Le problème n’est pas tant l’objet du débat: l’équipe aurait tout aussi bien pu traiter de l’origine des pokémons ou, plus sérieusement, de la guerre en Ukraine. Le premier souci réside dans l’accroche donnée par le journaliste. Grégor Puppinck – docteur en droit, directeur de l’European Center for Law and Justice (ECLJ) – donne une tout autre interprétation, dans les colonnes de Valeurs Actuelles: «Ce projet d’arrêt ne déclare pas l’avortement contraire à la Constitution, comme le fit par exemple la Cour constitutionnelle polonaise en 2020, à propos de l’avortement eugénique: il rend au peuple et à ses représentants le pouvoir de trancher cette question, comme c’était le cas avant l’arrêt Roe v. Wade de 1973. Avec une telle décision, les États fédérés américains n’ont plus l’obligation de légaliser l’avortement, mais ils n’ont pas davantage l’obligation de l’abroger.» Une telle subtilité juridique ne sera à l’évidence pas proposée dans le cadre de l’émission, mais passons.

Autre fait saillant de cette discussion: les journalistes invités, Géraldine Savary (Femina) , Valérie de Graffenried (Le Temps) et Frédéric Autran (Libération) se révèlent unanimement choqués que la Cour Suprême songe à donner la possibilité aux États de choisir la ligne qu’ils souhaitent adopter en matière d’avortement. Et Frédéric Autran de déplorer: «Cela permet un revirement catastrophique 50 ans après l’affaire Roe v. Wade et cela pose la question de la représentativité et de la légitimité démocratique de la Cour Suprême.» Pour le journaliste de Libération, accorder davantage de liberté démocratique aux États serait nuisible à… la démocratie.

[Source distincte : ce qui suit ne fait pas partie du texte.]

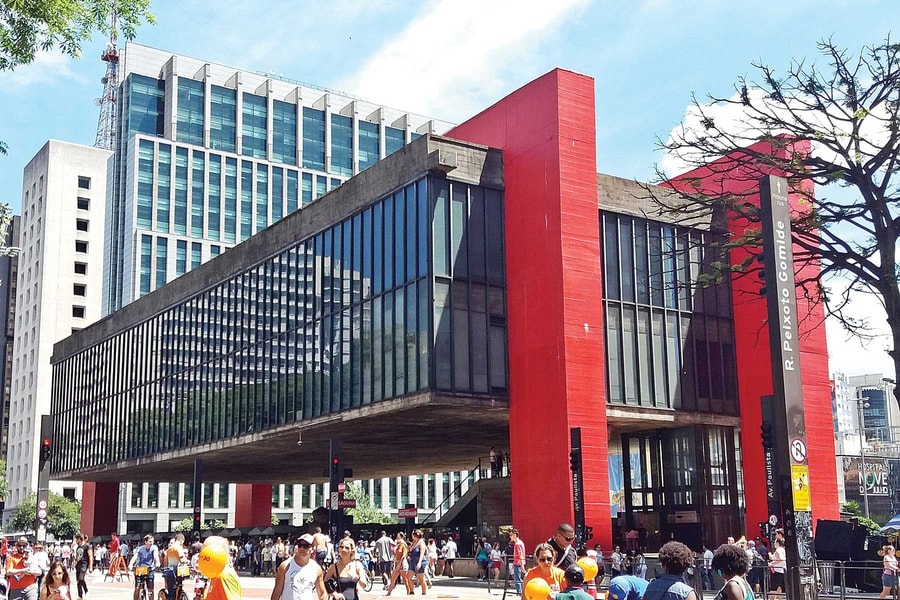 Lãng du ở xứ sở Samba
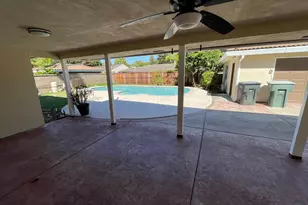 6181 S Land Park Dr, Sacramento, CA 95831 - Photo 22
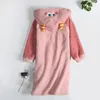 Kadın pijama kadınlar kış peluş pijamalar karikatür kapşonlu mercan kadife gecelik gevşek pazen sleepdress anime cosplay cobe nightwear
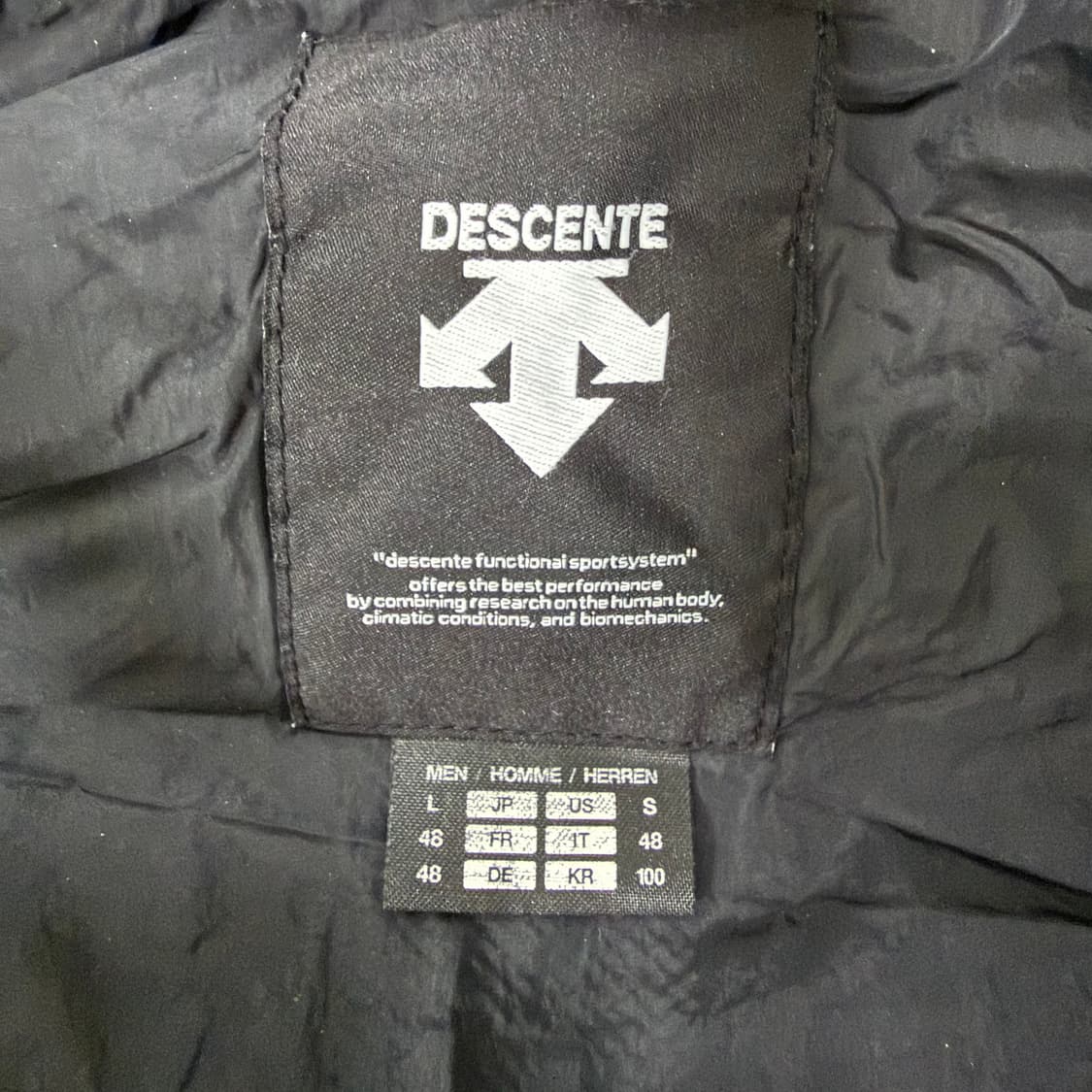 100 데상트 윈드브레이커 후드 자켓 0123T1 상품이미지3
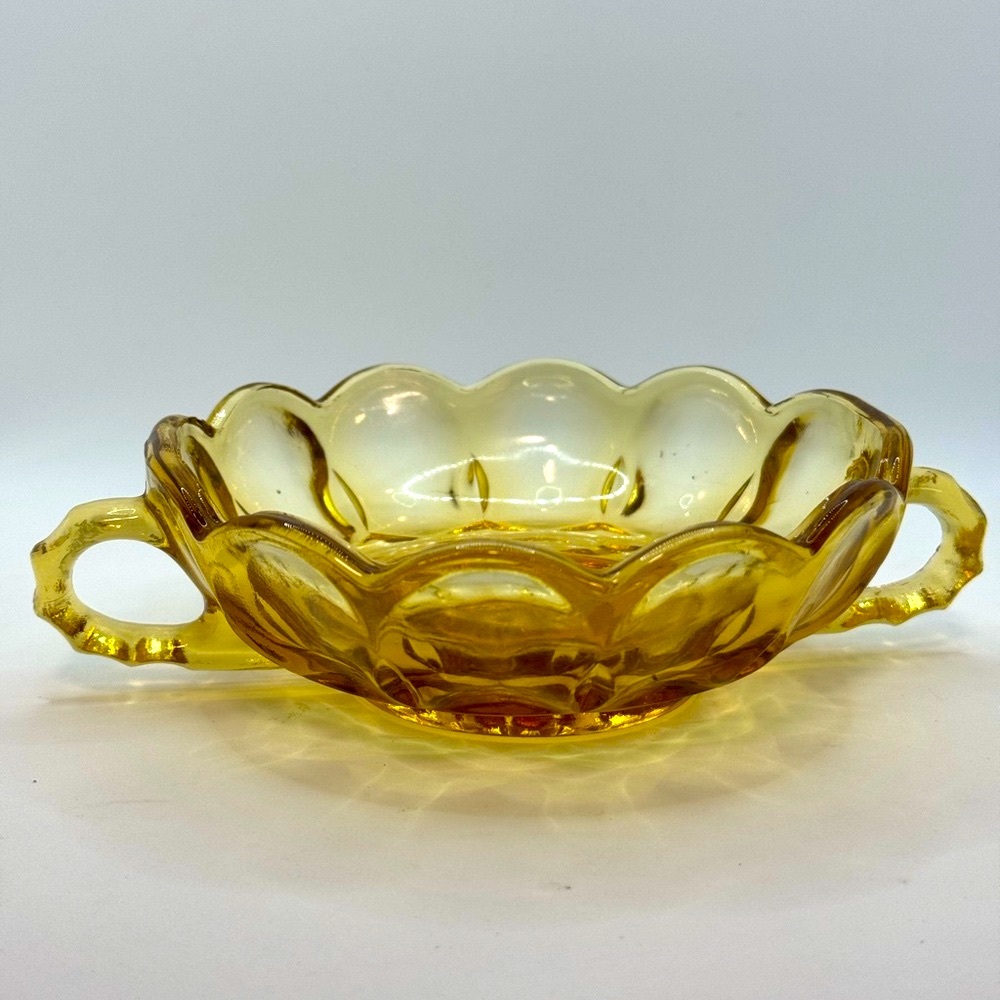 Anchor Hocking Fairfield Amber Pressed Glass Handled Bowl Dish Scalloped Rim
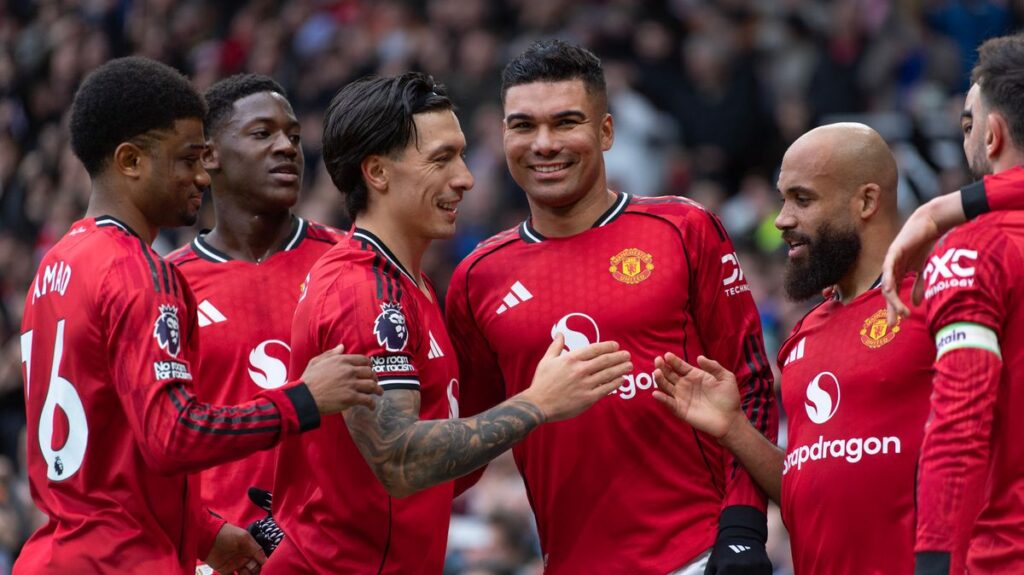 Michael Carrick confirms injury boost for Manchester United vs Leeds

« Le Forum des médias n’est pas un lieu de débat contradictoire. »

Emmanuelle Jaquet, responsable communication et porte-parole pour la RTS

Au final, la discussion ne portera jamais sur les mécanismes démocratiques américains, mais uniquement sur les implications sociétales d’un éventuel renversement légal. Contactée à ce sujet, Emmanuelle Jaquet, responsable communication et porte-parole pour la RTS, botte en touche: «Nous avons choisi d’aborder une question d’actualité qui intéresse largement nos auditrices et auditeurs et pas de traiter ce thème, sous un angle émotionnel.» Elle n’estime pas non plus que ce type de discussion soit dommageable pour l’image de la RTS et des journalistes en général, qui, quand ils débattent, partagent généralement les mêmes opinions: «L’équipe de Forum, comme les autres rédactions de la RTS, abordent tous les sujets avec un même esprit critique et indépendant. Le Forum des médias n’est pas un lieu de débat contradictoire. Il s’agit d’une discussion entre journalistes livrant leur analyse ou leur point de vue sur des sujets d’actualité.»

Si certains politiciens que nous avons contactés ont préféré ne pas s’exprimer sur une tendance à l’uniformisation du message lorsque les médias traitent un thème sensible tel que l’avortement, Oskar Freysinger, ancien conseiller d’État valaisan UDC, ne se fait pas prier pour livrer son analyse: «Cela fait sept ou huit ans que je ne n’écoute plus la radio et que je ne regarde plus la télévision. Je n’ai pas envie de me faire sucer le cerveau tous les soirs.»

Pour l’ex-politicien, le journalisme relève de l’histoire ancienne : «Ce domaine est mort. Les journalistes sont des zombies qui ne savent plus que faire du copier/coller des différentes agences de presse. Par contre, ils n’hésitent pas à faire appel à des personnalités comme la mienne afin que j’envoie des missiles et, qu’ensuite, je puisse servir de punching-ball.»